Throughout his career as a landscape architect, Iain worked on a wide range of projects. From ocean to garden to cityscape, Iain explored how design and creative thinking may be taught and “cultivated” in other disciplines and fields. He was an early proponent of native plants to the region, and thought of gardening as a verb, stating to the Seattle Times in 2014; “It’s about creating living systems. Gardens aren’t objects, a thing that you manage . . . The goal is to interact, to reduce our level of control, yet still enjoy our gardens.”



As Seattle’s Freeway Park’s plants became crowded and overgrown, and the park had fallen into disuse, Iain was brought in to help the city restore and replant the park along with developing a long-term vegetation management plan to make it once again the destination that original designer Lawrence Halprin envisioned. Iain even traveled to California to discuss and vet Halprin’s ideas for the park. Iain was involved in deciding what plants, especially what trees, were appropriate given the issues of a warming climate and the fact that, as he described it, the plants in Freeway Park were essentially growing in the equivalent of large window boxes.

So many of us were lucky to benefit from Iain's high standards for design, his guidance and collaborative spirit as we developed our own passions for the built environment. His advice, humor, and teaching forced me to re-examine my creative potential.
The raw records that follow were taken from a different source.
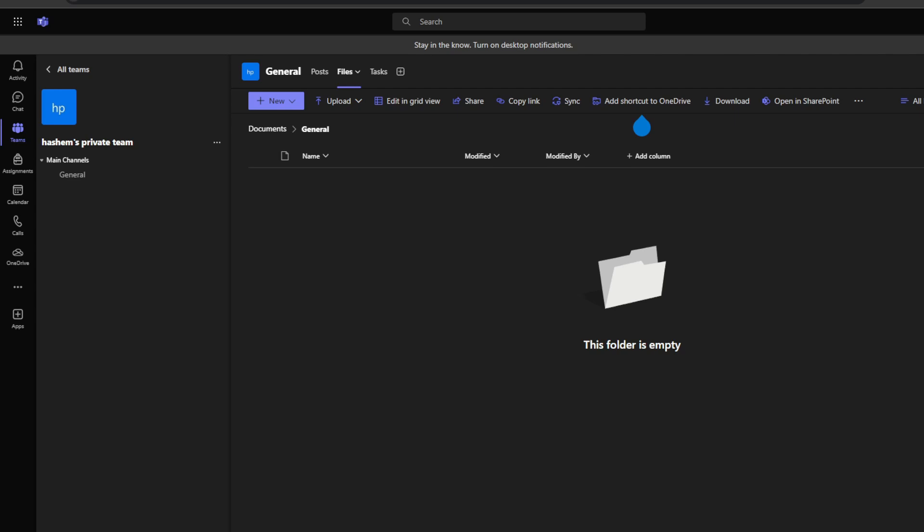But remember to set permissions, expiration dates, and password protection. In summary, files keep all your project content organized and accessible in one place to supercharge your team. And finally, you can integrate external tools and applications.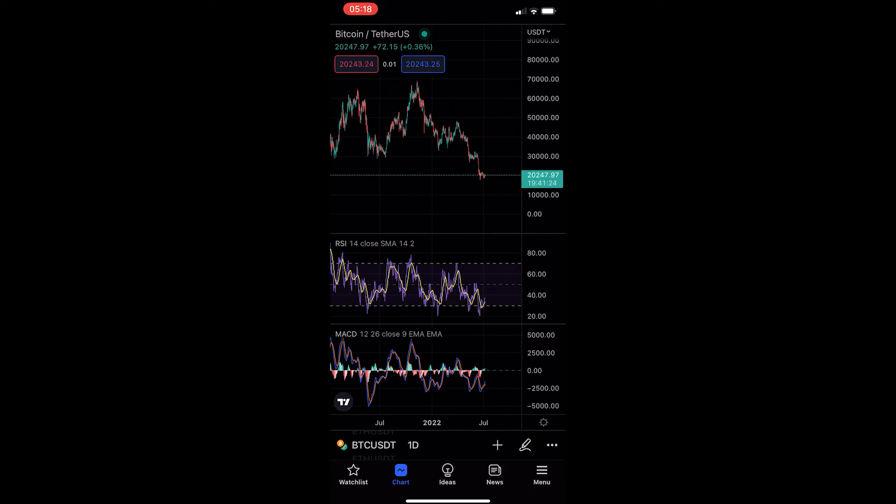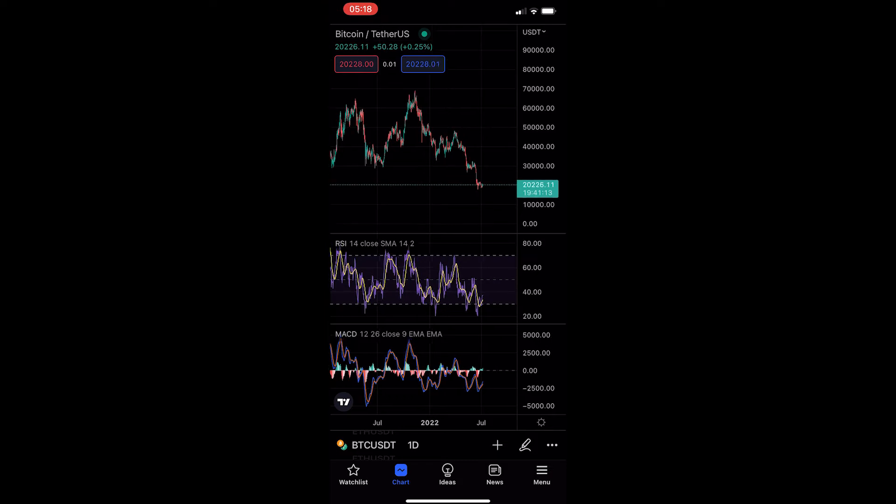If you follow along, by the end of this video you will be able to hide indicators on the TradingView mobile app. So to do this, you want to load up the TradingView app and head into one of your charts.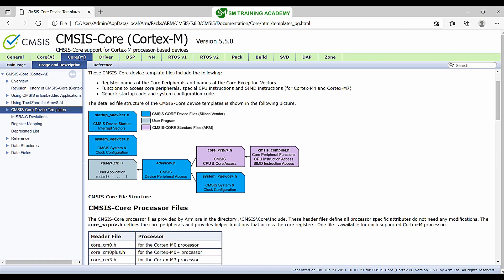To recap: ARM is a company that designs the ARM architecture and sells it to various companies like Texas Instruments, ST Microelectronics, NXP Semiconductors, and many more. For every company, ARM provides core files for manufacturing their own microcontroller. Those core files are the ones listed in purple. These include core_cpu.h, which holds the CMSIS CPU and core access, and cmsis_compiler.h, which holds the core peripheral functions, CPU instruction access, and SIMD instruction access.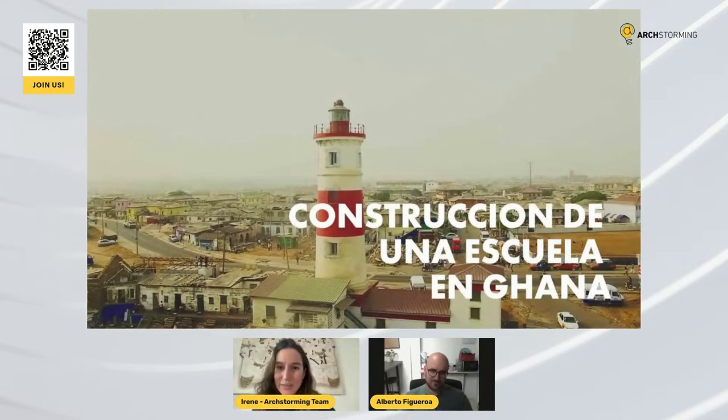Hi everyone, thank you very much for being with us today. It's an honor for us to have you today. First you will have around half an hour to 40 minutes to explain to our audience how this project you built in Ghana went. After your presentation, we will have a Q&A session. So I invite everyone in our audience to write any questions you may have, and at the end of the presentation I will raise those questions to Alberto.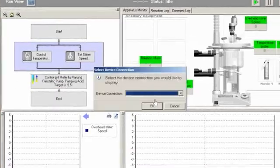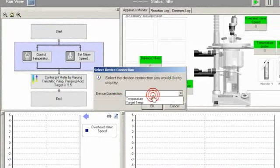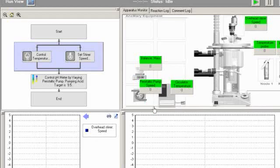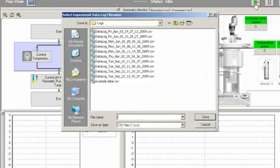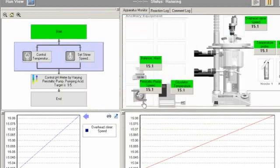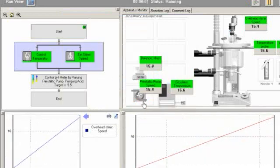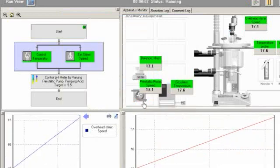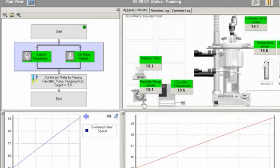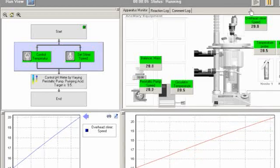Experiments can be modified on the fly and all reaction data is continuously logged to CSV data files, making analysis very easy.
I loved his appreciation for plants and their form and function in design, as well as his ability to create a landscape experience with emotion.
Kate DayFormer student, Bachelor of Landscape Architecture '93

In 2017, Iain was part of the team that created a new garden in the Washington Park Arboretum to commemorate the Seattle Garden Club’s 100th Anniversary. This is what Jason Morse of AHBL Architects had to say at the time:

“Iain Robertson’s name was mentioned at the first meeting where this project was discussed. In addition to being a well-respected member of the Landscape Architecture faculty at the University of Washington, Iain is largely responsible for the design of the Arboretum’s Witt Winter Garden, which was immediately put forward as the gold standard for a small, display-oriented garden like the one we were beginning to design. I had met Iain once or twice before, and know many people in my field who consider him a mentor, but I had never had the pleasure of working with him or getting to know him well. Iain generously donated his time to collaborate on this project and provide invaluable input. Like all the best practitioners of our craft, Iain offered insights on the integration of plant selection, grading, views, materiality and spatial definition with the overall design concept. I found myself wishing that I had been able to experience having him as a teacher, as so many of my colleagues and friends have.”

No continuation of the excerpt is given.